Tuesday, January 10, 2012

The Final Countdown



Here it is, folks.  The first day of the last year in my 20's.  That's right.  It's my birthday!  Last night, I lacquered my nails with a few layers of glitter nail polish.  This morning, I woke up at 5am craving a quesadilla.  Weird.

My birthday has indeed been quite the event so far.

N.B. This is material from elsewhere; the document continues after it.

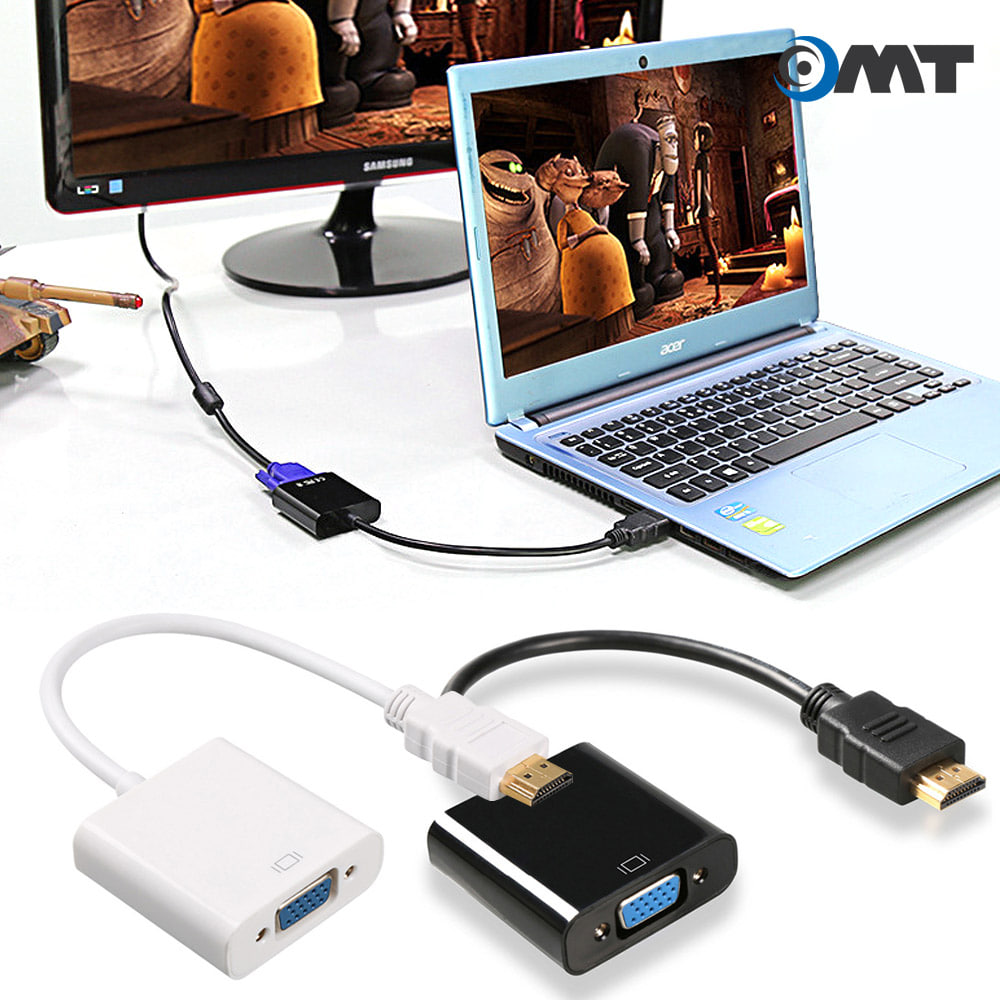 OMT HDMI-VGA 변환젠더 오디오지원 OGD-HDMIVGA RGB/VGA/영상젠더/변환젠더 AUX케이블 AUX단자 컨버터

Bodhi's birthday was on Friday so we had a joint celebration at our favorite stomping ground over the weekend.  I also spent the weekend with The Writer, which was quite nice.  Although today is the actual day, I am sort of already birthday-ed out.  Likely, I will get a beer with friends after work and with any luck, later find myself in a snuggle sandwich between my dog and The Writer.

I recently experienced a surprisingly pleasant moment with regard to work.  Last week, a favorite client caught me off guard by begging me to volunteer on a committee (for the year) with a professional organization I am part of.  I don't know what came over me and why I couldn't say "no."  But I agreed to it.  Yesterday was the first meeting; a 5 hour long meeting.  I was absolutely dreading it.  After a weekend of intense debauchery, all my mind or body felt capable of doing was sitting at my desk in my office, doing busy work and surfing the net.  I even at one point whined to a coworker, "I don't wanna go.  I don't wanna go.  I don't wanna go.  What excuse can I come up with to not go?"  I was feeling the anxiety and nerves boil to the top of my head.  Both of which actually made me physically ill.

But I sucked it up.  I pulled up those big girl panties, headed into the fiery hell that is downtown and pulled my car into the valet.  As the attendant handed over my valet ticket, I said goodbye to my freedom for the afternoon.  I felt like I had just turned myself into jail.  As I entered the space, I spotted one familiar colleague and took my seat before the lunch and program began.  By the time lunch and "welcomes" were done, I felt at ease and glad to be out of the office and doing something new for the day.  We even had a team building exercise involving public speaking and I did not blush.  Not once.  *Public speaking is single handedly the most terrifying experience in the world.

The meeting was informative and productive.  I felt I had something to offer to my committee.  It then occurred to me I should feel flattered my client begged for my presence.  It occurred to me that I am respected as a professional in my field and among my peers. By the time we were set free, I felt a confidence and clarity about myself professionally that I have never felt before. It is a nice reminder that we allow ourselves to grow only when we take the risk to step outside our comfort zones, even for just an afternoon.